Simplify the trigonometric expression.
sin^2 theta / 1-cos theta
A. 1+cos theta
B. sin theta
C. 1-sin theta / cos theta
D. 1+sin theta / cos theta
1+cosθ
The expression as is when evaluated according to the BEDMAS rules would be equal to:
sin2θ - cosθ
since the division is done before the subtraction.
The expression should have been written
sin2θ/(1-cosθ)
in which case
= (1-cos2θ)/(1-cosθ)
=(1+cosθ)(1-cosθ)/(1-cosθ)
=1+cosθ
if θ≠2nπ, where n is an integer.
merci beaucoup
so wuts the answer
Well, let me put on my math clown shoes and tackle this expression!
To simplify sin^2 theta / (1 - cos theta), we can start by using the Pythagorean identity sin^2 theta + cos^2 theta = 1.

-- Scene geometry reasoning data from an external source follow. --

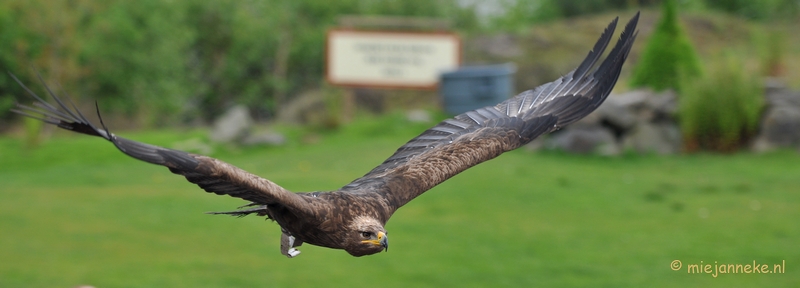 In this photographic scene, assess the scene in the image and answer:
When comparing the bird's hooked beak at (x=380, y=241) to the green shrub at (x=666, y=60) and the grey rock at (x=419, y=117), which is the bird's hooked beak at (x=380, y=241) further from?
the grey rock at (x=419, y=117)

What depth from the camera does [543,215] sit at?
1055cm

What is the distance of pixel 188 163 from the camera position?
3916mm

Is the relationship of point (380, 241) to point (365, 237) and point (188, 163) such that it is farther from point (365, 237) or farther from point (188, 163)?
point (188, 163)

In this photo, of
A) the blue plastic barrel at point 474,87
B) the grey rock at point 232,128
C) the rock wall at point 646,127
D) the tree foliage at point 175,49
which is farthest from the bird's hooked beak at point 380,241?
the blue plastic barrel at point 474,87

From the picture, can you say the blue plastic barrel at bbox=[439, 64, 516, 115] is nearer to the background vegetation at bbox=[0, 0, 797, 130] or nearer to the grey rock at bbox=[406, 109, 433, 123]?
the grey rock at bbox=[406, 109, 433, 123]

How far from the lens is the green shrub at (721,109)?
47.0ft

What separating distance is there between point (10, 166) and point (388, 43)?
26.2ft

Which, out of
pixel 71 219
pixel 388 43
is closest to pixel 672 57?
pixel 388 43

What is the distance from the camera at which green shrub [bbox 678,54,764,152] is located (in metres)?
14.3

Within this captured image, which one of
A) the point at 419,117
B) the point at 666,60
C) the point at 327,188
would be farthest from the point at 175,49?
the point at 666,60

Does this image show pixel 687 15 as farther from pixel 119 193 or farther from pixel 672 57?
pixel 119 193

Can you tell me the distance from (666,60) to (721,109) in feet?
6.56

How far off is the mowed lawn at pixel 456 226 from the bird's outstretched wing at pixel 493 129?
2.03 meters

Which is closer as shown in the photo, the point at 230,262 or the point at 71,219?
the point at 230,262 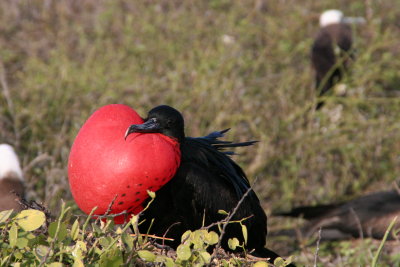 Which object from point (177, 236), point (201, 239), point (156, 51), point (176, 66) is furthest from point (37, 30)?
point (201, 239)

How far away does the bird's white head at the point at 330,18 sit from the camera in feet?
20.2

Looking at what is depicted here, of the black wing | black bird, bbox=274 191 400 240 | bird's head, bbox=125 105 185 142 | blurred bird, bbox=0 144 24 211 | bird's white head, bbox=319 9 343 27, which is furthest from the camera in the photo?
bird's white head, bbox=319 9 343 27

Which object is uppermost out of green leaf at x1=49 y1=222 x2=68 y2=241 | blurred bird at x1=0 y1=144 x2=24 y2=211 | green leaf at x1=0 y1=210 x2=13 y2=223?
green leaf at x1=0 y1=210 x2=13 y2=223

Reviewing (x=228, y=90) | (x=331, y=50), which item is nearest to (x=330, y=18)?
(x=331, y=50)

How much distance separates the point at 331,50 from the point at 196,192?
3494 mm

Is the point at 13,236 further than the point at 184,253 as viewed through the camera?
No

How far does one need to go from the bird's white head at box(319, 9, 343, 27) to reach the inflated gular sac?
171 inches

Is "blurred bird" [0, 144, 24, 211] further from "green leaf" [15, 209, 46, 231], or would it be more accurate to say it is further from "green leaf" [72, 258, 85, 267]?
"green leaf" [72, 258, 85, 267]

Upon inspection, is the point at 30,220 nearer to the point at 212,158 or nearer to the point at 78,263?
the point at 78,263

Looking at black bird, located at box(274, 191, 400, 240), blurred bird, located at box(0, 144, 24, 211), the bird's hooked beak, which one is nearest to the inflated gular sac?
the bird's hooked beak

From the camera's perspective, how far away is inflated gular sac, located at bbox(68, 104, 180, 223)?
1.96 meters

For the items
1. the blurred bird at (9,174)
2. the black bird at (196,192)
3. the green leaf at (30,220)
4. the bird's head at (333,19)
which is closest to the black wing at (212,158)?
the black bird at (196,192)

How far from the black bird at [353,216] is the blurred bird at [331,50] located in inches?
47.4

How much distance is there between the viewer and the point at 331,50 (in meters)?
5.64
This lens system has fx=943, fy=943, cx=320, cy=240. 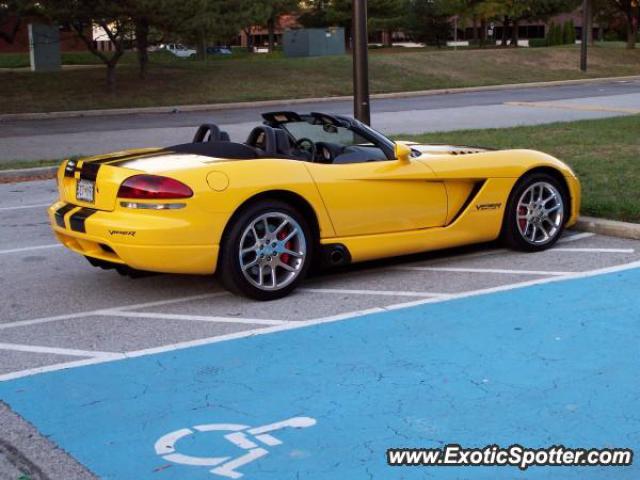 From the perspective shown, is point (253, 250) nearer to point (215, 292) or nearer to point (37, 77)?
point (215, 292)

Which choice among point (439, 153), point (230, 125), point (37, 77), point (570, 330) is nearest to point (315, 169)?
point (439, 153)

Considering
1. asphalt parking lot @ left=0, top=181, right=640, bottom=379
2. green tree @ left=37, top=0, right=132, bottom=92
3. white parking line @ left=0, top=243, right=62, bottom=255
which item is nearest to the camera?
asphalt parking lot @ left=0, top=181, right=640, bottom=379

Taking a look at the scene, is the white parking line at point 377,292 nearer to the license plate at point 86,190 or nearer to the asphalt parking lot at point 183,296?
the asphalt parking lot at point 183,296

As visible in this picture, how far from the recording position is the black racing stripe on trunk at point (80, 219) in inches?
253

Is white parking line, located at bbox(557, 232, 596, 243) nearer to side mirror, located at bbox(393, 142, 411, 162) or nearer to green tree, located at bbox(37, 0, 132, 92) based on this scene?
side mirror, located at bbox(393, 142, 411, 162)

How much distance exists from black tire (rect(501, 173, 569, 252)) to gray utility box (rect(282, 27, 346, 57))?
4005cm

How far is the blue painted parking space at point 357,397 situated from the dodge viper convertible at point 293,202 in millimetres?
842

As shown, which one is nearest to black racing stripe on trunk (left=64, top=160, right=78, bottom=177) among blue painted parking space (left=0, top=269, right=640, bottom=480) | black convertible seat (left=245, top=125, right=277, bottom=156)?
black convertible seat (left=245, top=125, right=277, bottom=156)

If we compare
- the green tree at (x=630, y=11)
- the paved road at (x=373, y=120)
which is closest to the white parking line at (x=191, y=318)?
the paved road at (x=373, y=120)

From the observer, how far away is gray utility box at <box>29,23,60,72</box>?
36.7 m

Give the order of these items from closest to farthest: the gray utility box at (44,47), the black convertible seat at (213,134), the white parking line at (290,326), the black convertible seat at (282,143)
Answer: the white parking line at (290,326)
the black convertible seat at (282,143)
the black convertible seat at (213,134)
the gray utility box at (44,47)

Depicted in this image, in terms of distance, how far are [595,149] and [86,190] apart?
8.69 metres

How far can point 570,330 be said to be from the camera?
18.7ft

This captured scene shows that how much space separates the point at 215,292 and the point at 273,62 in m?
33.3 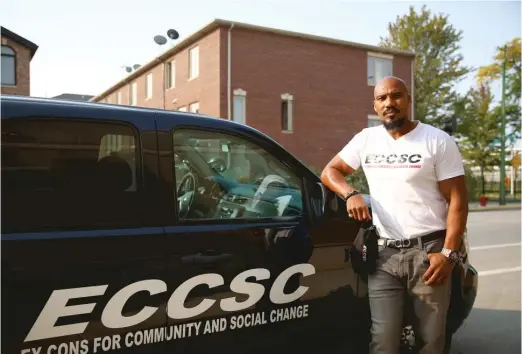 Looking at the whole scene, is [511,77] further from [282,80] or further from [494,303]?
[494,303]

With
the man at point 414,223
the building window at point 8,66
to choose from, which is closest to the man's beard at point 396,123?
the man at point 414,223

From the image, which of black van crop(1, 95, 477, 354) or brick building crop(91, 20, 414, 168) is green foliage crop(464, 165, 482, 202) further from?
black van crop(1, 95, 477, 354)

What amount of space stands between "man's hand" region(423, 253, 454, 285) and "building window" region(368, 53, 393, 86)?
24.1 meters

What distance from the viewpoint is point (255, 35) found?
70.4 feet

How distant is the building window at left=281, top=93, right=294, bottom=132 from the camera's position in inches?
901

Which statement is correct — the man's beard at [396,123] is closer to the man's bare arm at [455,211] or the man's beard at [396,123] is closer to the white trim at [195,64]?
the man's bare arm at [455,211]

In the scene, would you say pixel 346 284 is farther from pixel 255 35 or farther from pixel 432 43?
pixel 432 43

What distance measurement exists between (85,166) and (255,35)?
20305 mm

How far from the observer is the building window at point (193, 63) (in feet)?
74.5

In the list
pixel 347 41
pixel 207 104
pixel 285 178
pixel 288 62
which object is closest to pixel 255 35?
pixel 288 62

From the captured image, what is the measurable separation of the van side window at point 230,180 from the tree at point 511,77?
92.6ft

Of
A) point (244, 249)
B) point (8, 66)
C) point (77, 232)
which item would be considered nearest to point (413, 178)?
point (244, 249)

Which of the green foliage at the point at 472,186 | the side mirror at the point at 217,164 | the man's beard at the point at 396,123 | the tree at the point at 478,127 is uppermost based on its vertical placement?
the tree at the point at 478,127

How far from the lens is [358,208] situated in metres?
2.65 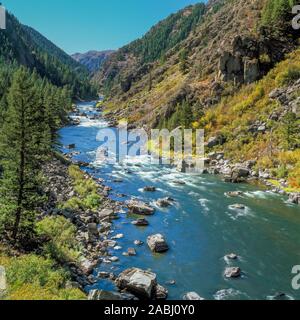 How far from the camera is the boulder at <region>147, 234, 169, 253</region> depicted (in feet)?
99.8

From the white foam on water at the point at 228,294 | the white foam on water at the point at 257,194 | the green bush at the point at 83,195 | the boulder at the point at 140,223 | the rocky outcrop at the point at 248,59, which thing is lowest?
the white foam on water at the point at 228,294

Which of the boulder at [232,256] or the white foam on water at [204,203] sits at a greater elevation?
the white foam on water at [204,203]

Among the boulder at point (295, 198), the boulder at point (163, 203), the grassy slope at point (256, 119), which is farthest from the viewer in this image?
the grassy slope at point (256, 119)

Since we want to work with only sin and cos, let's rewrite cos^2 theta as 1 - sin^2 theta using the Pythagorean identity.
Now, the expression becomes sin^2 theta / (1 - (1 - sin^2 theta)).
Simplifying further, we get sin^2 theta / (1 - 1 + sin^2 theta).
The numerator and denominator cancel out, leaving us with sin^2 theta / sin^2 theta.
And since any number divided by itself is just equal to 1, we're left with our answer:
A. 1 + cos theta.
That's the simplified expression in all its mathematical glory!
To simplify the trigonometric expression sin^2(theta) / (1 - cos(theta)), we can use one of the fundamental trigonometric identities, specifically the identity for the Pythagorean identity sin^2(theta) + cos^2(theta) = 1.
First, we'll rewrite the given expression using this identity:
sin^2(theta) / (1 - cos(theta)) = (1 - cos^2(theta)) / (1 - cos(theta))
Now, we can factor the numerator as a difference of squares:
(1 - cos^2(theta)) / (1 - cos(theta)) = [(1 - cos(theta))(1 + cos(theta))] / (1 - cos(theta))
Next, we can cancel out the common factor of (1 - cos(theta)):
[(1 - cos(theta))(1 + cos(theta))] / (1 - cos(theta)) = 1 + cos(theta)
Therefore, the simplified expression is 1 + cos(theta), and the correct answer is A.